- **Extracted entries**

^^^^^^^^

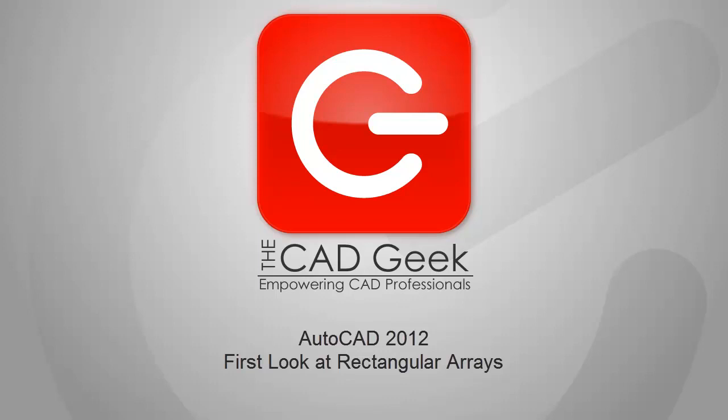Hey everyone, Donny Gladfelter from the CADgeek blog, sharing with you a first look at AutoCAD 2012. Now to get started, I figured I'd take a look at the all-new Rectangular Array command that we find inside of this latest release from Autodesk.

^^^^^^^^

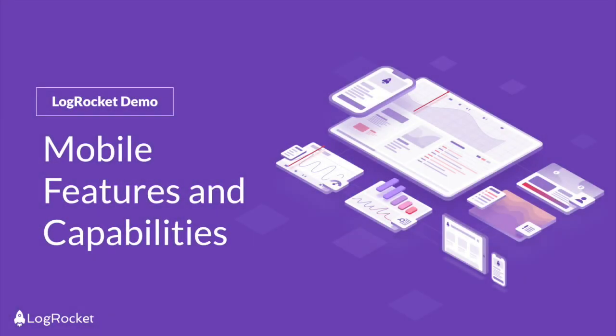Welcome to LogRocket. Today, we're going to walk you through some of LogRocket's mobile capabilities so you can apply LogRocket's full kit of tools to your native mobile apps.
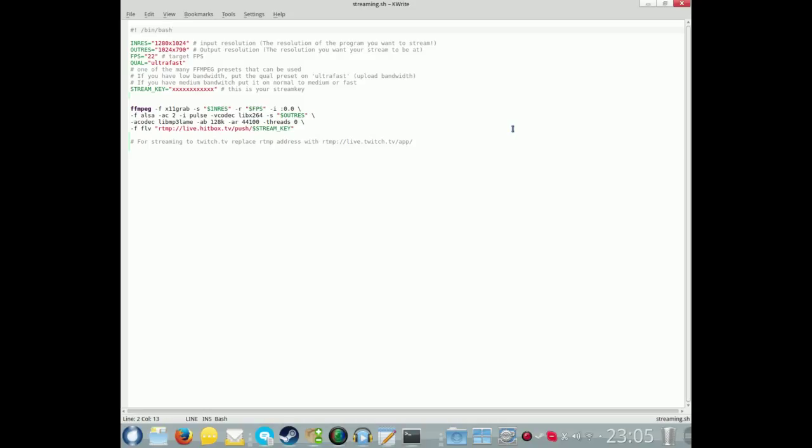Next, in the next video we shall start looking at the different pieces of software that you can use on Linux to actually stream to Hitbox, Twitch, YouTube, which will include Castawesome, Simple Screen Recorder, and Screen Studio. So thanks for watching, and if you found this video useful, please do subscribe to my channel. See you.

^^^^^^^^

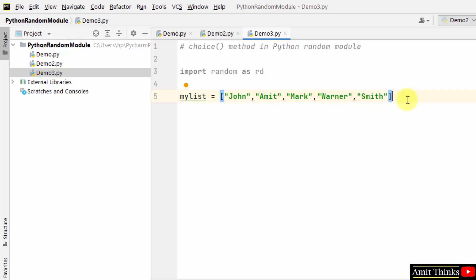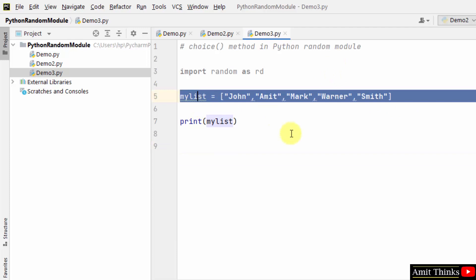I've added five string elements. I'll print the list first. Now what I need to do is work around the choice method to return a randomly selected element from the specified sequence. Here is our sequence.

^^^^^^^^

- **What the task requires**
Having found the line with "Welcome to LogRocket." and the line with "Next, in the" in the material above, write out exactly those two and every line between, leaving the pictures out.

- **Expected output**
Welcome to LogRocket. Today, we're going to walk you through some of LogRocket's mobile capabilities so you can apply LogRocket's full kit of tools to your native mobile apps.
Next, in the next video we shall start looking at the different pieces of software that you can use on Linux to actually stream to Hitbox, Twitch, YouTube, which will include Castawesome, Simple Screen Recorder, and Screen Studio. So thanks for watching, and if you found this video useful, please do subscribe to my channel. See you.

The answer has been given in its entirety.